Et, comme cette dernière phrase a généralement pour résultat d’intriguer le nouveau Compagnon, celui-ci, à la sortie de la séance, ne manque pas de demander des explications à son Vénérable ; car il tient à savoir ce que sont ces loges d’Adoption, dont jusqu’alors il n’avait jamais entendu parler.

« Le Vénérable explique donc ainsi : «Il est certaines choses que nous ne pouvons révéler à nos adeptes, qu’après les avoir sérieusement éprouvés. Nous croyons à présent pouvoir compter sur vous, et c’est pourquoi nous vous avons reçu Compagnon. Lors de votre première initiation, je vous ai dit que nous n’admettions pas de femmes dans nos loges. En effet, nos loges ne reçoivent pas de femmes à leurs mystères ; mais il existe des loges de dames, appelées loges d’Adoption, aux mystères desquelles les maçons sont admis, dès qu’ils ont reçu le grade de Compagnon. »

« Tel est le mot de l’énigme. Aussi, un franc-maçon, qui n’a jamais été reçu qu’au grade d’Apprenti, est-il d’une bonne foi parfaite, en affirmant qu’il n’y a pas de femmes dans la franc-maçonnerie. J’ajoute que même un Compagnon peut être également de bonne foi, en émettant une affirmation semblable ; car il est fort possible qu’il n’ait jamais assisté à une séance de maçonnerie féminine[2] ».

M. Léo Taxil a publié, à la suite de cela, les rituels des grades féminins qu’il avait réussi à se procurer ; mais il n’a pas expliqué comment des Compagnons peuvent être de bonne foi en niant les ateliers androgynes. Or, non seulement des Compagnons peuvent les ignorer, mais mêmes des adeptes pourvus de n’importe quels grades de la maçonnerie ordinaire.

L’explication que le Vénérable donne hors séance au nouvel initié au 2e degré contient encore une subtilité. Le terme dont il se sert, loges de dames, est impropre. Il n’existe pas d’ateliers où les femmes travaillent seules. Ce qui est vrai, c’est que des ateliers de frères travaillant à tel ou tel degré (loge, chapitre, aréopage) peut constituer une loge d’Adoption, où certains maçons, choisis dans les conditions et les circonstances que je vais dire, travaillent avec des sœurs maçonnes ayant aussi tels et tels degrés.

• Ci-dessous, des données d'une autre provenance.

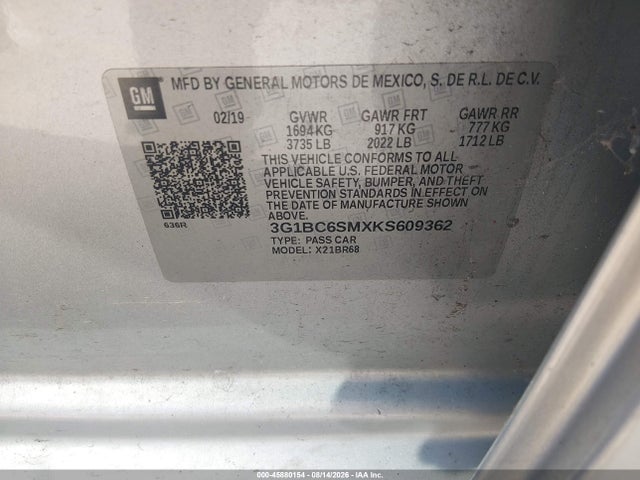 Chevrolet CRUZE LS 2019 3G1BC6SMXKS609362 Image 9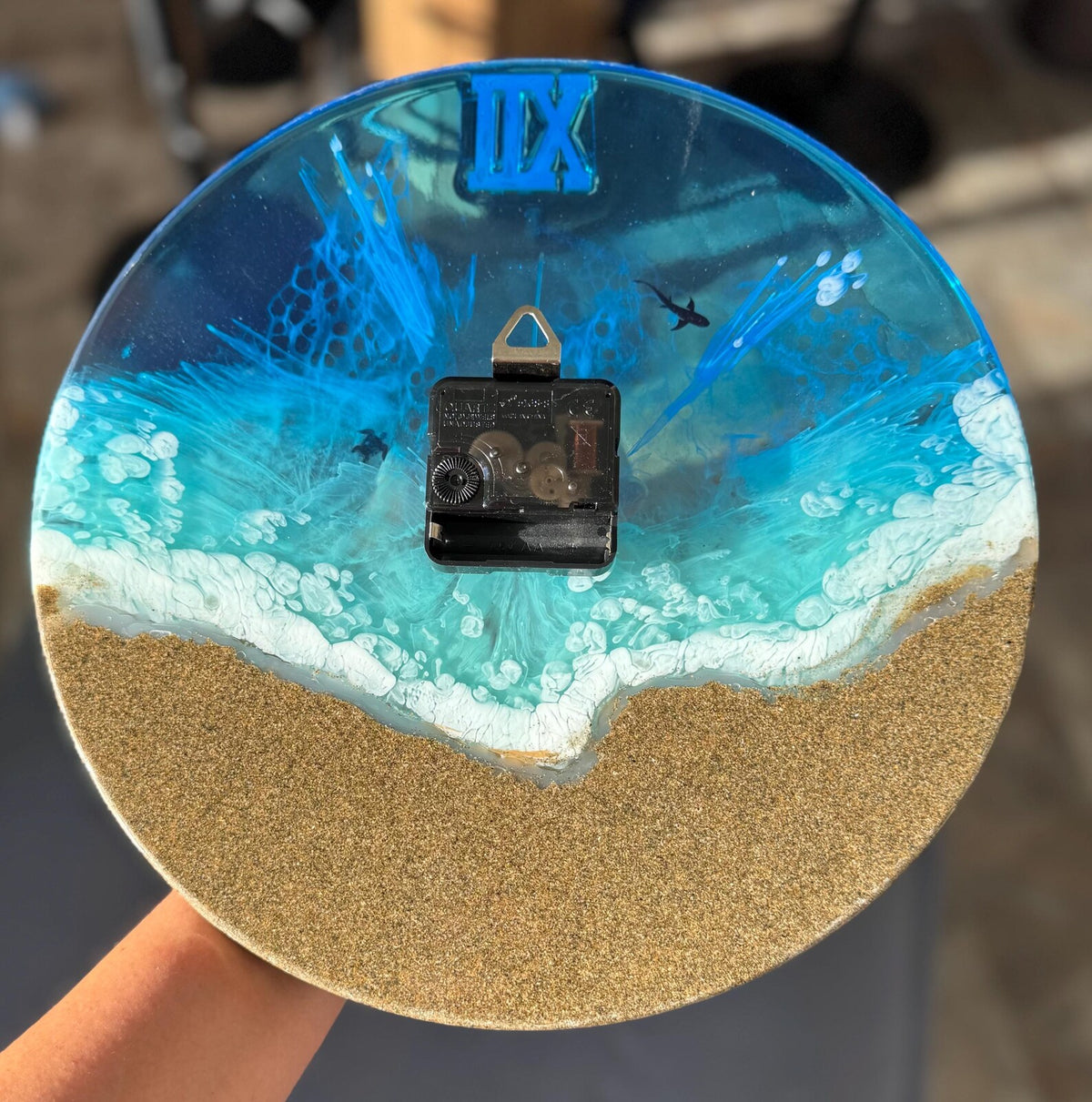 Ocean Wave Epoxy Resin Wall Clock – Handmade Coastal Decor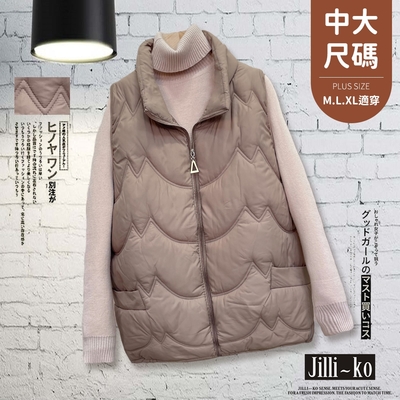 JILLI-KO 波浪紋羽絨棉馬甲女保暖立領背心中大碼- 深卡/黑/淺紫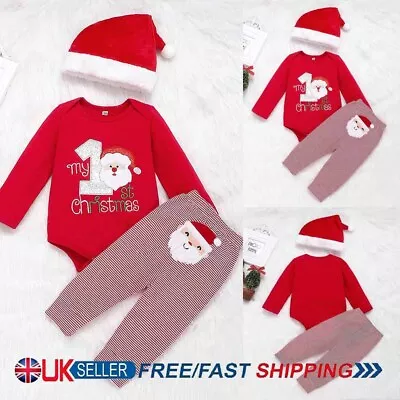 Buy Newborn Baby Boys Christmas Outfit Set Santa Romper Pants Hat Suit Clothing • 4.99£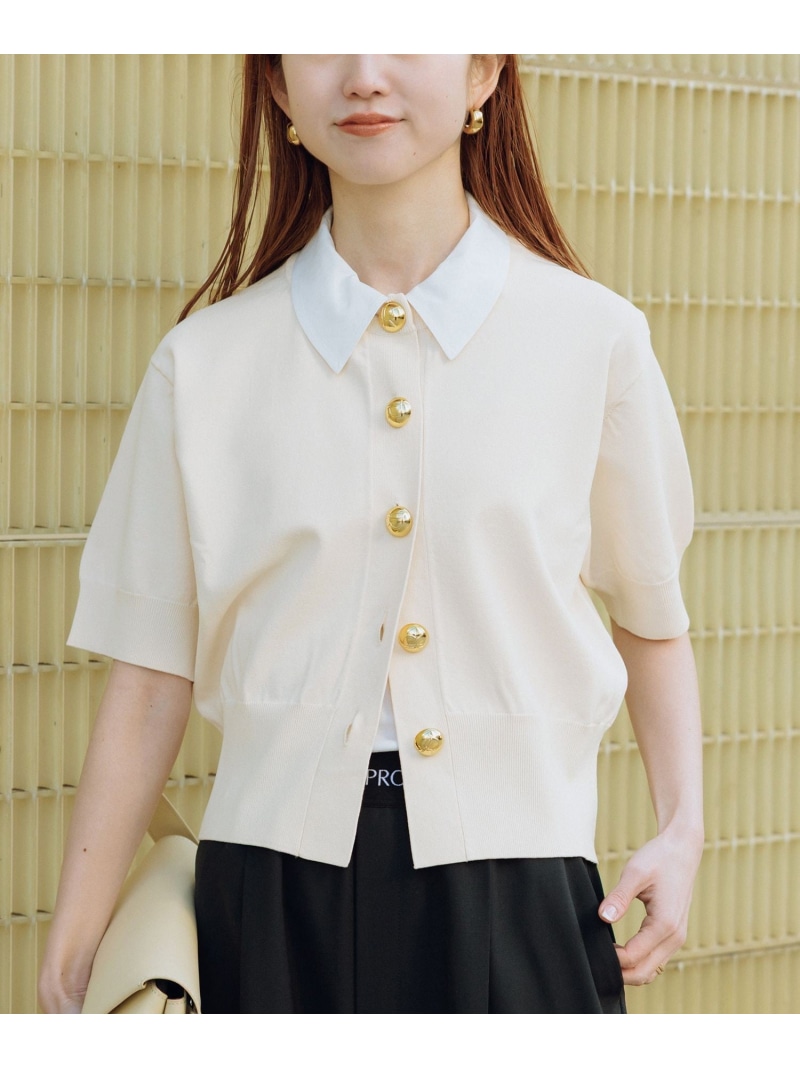 【サステナブル】2WAYカラー付カーディガン ADAM ET ROPE' FEMME アダムエロペ トップス カーディガン ブラック ホワイト ブルー【送料無料】[ Fashion]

  1. M. Léo Taxil n’a pas cité textuellement le rituel ; néanmoins, il ne s’est nullement écarté de la vérité. Voici les paroles mêmes que prononce le Vénérable :
    « Comme Compagnon, vous avez cinq ans. La progression qui suit le grade indique les lumières et l’expérience que vous êtes censé avoir acquises ; mais, apprenez, mon frère, que l’âge ne les donne réellement qu’à celui qui s’est associé aux hommes et aux choses. Cet âge vous rend apte à visiter les loges d’Adoption pour les dames, où tout se compte par cinq » (Ragon, Rituel du grade de Compagnon, 1860, page 31.)
  2. Léo Taxil, Y’a-t-il des femmes dans la franc-maçonnerie ? un vol, in-12, 1891, pages 2 et 3.